Chegando lá, a Polícia Federal já tentava coibir o espetáculo, que estava sendo ao ar livre. O Humberto tinha comprado uma máquina fotográfica de último tipo para trabalhar. A Polícia Federal arrancou a máquina da mão do Humberto porque ele teimou em fotografar depois de os policiais terem proibido. Por volta das 14h, o Humberto voltou à Redação desesperado, porque era uma máquina caríssima. Então, o editor de polícia, Carlos Fedoceo Neto, que tinha algum trânsito junto à Polícia Federal, foi até a delegacia, onde passou todo o restante da tarde e parte da noite até conseguir liberar a máquina.
Mas surgiu uma segunda luta: a Polícia Federal liberou a máquina, mas proibiu a divulgação das fotos. O jornal circularia no dia seguinte. Seria a primeira edição. A redação estava parada por conta daquilo. A maioria das páginas já estava programada. Faltava apenas esta notícia, que seria a principal. Não seria a manchete, mas a principal. A rigor, a censura não existia mais oficialmente. Foi um ato arbitrário do comando da Polícia Federal de Juiz de Fora.
Eram tempos que não eram mais chamados de tempos bicudos. A “Ditadura de Chumbo” tinha teoricamente acabado.

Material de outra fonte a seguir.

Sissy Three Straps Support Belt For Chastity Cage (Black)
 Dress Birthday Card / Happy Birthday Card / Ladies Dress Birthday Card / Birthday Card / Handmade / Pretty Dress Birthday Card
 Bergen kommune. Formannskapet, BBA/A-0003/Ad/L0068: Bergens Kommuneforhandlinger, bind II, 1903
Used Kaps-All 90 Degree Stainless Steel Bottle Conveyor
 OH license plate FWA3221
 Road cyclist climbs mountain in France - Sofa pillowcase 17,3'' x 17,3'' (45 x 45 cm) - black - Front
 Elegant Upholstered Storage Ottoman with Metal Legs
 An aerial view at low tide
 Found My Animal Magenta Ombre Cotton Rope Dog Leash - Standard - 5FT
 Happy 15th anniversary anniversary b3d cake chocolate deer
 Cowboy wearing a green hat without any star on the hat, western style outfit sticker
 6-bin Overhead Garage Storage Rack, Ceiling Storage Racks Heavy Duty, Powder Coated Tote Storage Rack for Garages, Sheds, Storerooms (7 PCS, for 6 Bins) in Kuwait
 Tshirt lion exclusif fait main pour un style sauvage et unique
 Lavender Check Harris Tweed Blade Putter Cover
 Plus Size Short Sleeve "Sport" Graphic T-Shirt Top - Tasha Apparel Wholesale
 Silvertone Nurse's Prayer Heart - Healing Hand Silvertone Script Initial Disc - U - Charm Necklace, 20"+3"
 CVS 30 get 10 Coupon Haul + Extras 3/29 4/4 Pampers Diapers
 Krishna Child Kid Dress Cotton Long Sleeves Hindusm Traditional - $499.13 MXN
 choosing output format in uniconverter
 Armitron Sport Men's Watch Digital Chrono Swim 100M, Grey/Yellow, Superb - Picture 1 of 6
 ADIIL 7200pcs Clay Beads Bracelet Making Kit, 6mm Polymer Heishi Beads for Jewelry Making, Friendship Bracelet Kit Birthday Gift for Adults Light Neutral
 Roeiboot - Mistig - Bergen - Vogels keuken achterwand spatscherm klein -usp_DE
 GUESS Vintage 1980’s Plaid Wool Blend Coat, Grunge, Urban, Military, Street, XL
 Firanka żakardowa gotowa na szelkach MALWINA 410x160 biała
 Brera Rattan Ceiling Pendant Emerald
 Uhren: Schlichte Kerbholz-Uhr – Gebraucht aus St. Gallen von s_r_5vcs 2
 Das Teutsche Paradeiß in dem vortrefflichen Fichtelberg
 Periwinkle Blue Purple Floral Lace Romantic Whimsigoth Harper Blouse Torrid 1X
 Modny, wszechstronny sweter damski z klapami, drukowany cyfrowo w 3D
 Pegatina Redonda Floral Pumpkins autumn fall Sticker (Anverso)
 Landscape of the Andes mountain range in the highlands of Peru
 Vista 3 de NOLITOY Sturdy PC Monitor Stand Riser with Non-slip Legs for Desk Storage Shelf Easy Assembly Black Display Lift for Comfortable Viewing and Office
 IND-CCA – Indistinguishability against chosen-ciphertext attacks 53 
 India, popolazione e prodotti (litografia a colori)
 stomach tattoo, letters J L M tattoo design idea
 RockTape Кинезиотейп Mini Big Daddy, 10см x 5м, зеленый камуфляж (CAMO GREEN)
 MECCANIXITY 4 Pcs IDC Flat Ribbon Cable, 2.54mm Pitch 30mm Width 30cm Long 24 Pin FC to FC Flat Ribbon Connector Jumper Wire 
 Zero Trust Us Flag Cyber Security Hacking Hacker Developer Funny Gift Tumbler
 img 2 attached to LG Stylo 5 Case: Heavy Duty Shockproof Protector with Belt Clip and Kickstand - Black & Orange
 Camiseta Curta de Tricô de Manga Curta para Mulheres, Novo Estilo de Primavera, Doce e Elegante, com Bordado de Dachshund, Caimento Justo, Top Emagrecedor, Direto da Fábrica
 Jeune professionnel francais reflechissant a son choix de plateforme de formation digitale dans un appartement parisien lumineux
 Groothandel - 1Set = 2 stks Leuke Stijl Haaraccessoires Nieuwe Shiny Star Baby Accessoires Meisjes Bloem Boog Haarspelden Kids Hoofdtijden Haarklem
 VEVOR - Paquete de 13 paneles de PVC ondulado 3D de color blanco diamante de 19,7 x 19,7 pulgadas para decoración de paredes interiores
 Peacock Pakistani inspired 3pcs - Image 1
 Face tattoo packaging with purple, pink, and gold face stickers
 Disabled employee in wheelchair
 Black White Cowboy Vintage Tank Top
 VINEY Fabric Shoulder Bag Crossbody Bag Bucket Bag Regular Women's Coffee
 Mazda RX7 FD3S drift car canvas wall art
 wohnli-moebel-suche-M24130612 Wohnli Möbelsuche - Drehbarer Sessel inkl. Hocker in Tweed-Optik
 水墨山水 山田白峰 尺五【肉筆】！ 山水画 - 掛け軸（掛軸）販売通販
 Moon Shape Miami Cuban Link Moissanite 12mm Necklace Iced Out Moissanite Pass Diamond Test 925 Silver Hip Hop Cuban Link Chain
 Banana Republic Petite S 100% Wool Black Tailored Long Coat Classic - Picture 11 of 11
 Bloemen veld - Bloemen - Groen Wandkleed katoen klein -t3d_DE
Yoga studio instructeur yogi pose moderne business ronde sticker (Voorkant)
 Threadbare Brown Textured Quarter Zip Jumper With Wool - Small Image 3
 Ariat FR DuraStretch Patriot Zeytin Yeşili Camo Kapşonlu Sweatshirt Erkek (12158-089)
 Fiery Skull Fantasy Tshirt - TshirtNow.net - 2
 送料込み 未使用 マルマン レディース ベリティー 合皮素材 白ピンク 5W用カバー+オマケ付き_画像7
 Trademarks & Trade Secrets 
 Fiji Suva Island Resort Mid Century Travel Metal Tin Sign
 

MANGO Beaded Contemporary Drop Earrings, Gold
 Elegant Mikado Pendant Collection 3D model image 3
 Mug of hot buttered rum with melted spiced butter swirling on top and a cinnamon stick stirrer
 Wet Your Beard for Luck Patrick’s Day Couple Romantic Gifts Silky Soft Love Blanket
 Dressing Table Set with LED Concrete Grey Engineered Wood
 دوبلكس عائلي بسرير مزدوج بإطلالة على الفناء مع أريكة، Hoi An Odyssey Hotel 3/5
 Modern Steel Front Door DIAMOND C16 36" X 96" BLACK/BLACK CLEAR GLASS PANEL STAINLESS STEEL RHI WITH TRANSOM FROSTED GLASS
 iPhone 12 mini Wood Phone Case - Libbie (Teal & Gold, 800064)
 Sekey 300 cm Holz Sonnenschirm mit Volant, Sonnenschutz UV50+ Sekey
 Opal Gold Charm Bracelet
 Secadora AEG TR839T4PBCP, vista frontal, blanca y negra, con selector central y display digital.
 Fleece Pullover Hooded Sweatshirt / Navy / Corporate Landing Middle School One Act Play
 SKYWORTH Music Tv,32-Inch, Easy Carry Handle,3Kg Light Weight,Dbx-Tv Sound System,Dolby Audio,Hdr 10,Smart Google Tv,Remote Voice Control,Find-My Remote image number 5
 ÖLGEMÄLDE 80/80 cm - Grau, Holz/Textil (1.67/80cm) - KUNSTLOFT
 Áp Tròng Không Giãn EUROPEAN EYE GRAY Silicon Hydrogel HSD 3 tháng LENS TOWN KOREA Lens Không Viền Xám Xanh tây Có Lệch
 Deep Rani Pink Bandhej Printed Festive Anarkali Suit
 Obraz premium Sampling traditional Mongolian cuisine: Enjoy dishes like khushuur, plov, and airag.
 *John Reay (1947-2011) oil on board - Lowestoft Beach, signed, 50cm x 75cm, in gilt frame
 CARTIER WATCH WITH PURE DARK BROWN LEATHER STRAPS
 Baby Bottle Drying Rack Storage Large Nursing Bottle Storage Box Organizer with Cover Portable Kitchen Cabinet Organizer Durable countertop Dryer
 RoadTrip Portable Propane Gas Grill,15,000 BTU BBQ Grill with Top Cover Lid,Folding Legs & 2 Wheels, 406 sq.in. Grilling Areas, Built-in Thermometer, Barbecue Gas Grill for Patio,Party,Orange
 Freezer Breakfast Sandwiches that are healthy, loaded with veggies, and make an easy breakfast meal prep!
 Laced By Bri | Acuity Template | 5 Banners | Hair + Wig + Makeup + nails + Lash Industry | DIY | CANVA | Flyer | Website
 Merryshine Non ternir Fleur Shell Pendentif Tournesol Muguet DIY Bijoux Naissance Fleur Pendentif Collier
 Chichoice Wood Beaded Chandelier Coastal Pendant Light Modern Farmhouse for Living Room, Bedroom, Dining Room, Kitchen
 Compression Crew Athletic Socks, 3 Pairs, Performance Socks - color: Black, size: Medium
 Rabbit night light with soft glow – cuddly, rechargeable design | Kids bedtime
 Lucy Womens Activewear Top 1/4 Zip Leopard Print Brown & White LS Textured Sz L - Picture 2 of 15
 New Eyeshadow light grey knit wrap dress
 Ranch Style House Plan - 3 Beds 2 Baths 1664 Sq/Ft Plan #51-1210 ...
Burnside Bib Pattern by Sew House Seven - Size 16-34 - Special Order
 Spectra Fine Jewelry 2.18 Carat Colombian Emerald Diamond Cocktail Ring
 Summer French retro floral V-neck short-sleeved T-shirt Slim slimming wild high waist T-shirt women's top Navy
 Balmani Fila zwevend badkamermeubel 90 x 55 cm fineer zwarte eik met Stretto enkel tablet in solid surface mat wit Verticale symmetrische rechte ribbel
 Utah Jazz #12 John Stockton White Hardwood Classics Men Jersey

Porém, havia uma porção de remanescentes dela achando que poderiam interferir nos órgãos de comunicação. Anteriormente, eram tempos tão difíceis que até o noticiário esportivo era censurado de acordo com o teor do texto. Quando eu ainda trabalhava nos Diários Associados, aparecia um tenentezinho qualquer na Redação, achava que o texto estava pesado e mandava mudar.
Os tempos eram tão incertos que a tensão foi muito grande em toda a Redação da Tribuna. Mais de 40 jornalistas sem saber o que aconteceria. Não se sabia se haveria jornal ou não. Então, telefonamos para o Juracy, que foi até a Redação. Nós, editores, fizemos uma reunião com o Juracy até conseguirmos liberar as fotos para publicação entre 22h e 23h. Graças à interferência de alguns amigos do diretor da Polícia Federal de Juiz de Fora e ao prestígio do Juracy, foi conseguida a liberação da publicação. Foi uma confusão dos diabos. Se não fosse isso, a edição do dia 1º de setembro não teria saído, pelo menos não naquela data.
Fomos rodar o jornal lá pelas 3h. A edição saiu com todas as notícias que tinham sido programadas, inclusive com as fotografias até então censuradas. Começamos mesmo no dia 1º de setembro e as edições seguem até hoje. Mas a Tribuna foi seriamente ameaçada por um simples espetáculo cujo autor não era nem brasileiro.
A sorte dos jornalistas era principalmente a ação do Eloísio, do editor-executivo José Carlos de Lery Guimarães e do secretário de Redação Renato Henrique Dias. Eles mantinham reuniões diárias com o Juracy para discutir a edição seguinte para aparar as arestas de tal modo que não incomodassem os policiais federais da época. A Tribuna pôde circular novamente, mas sempre com o olhar desconfiado das autoridades policiais de então em Juiz de Fora.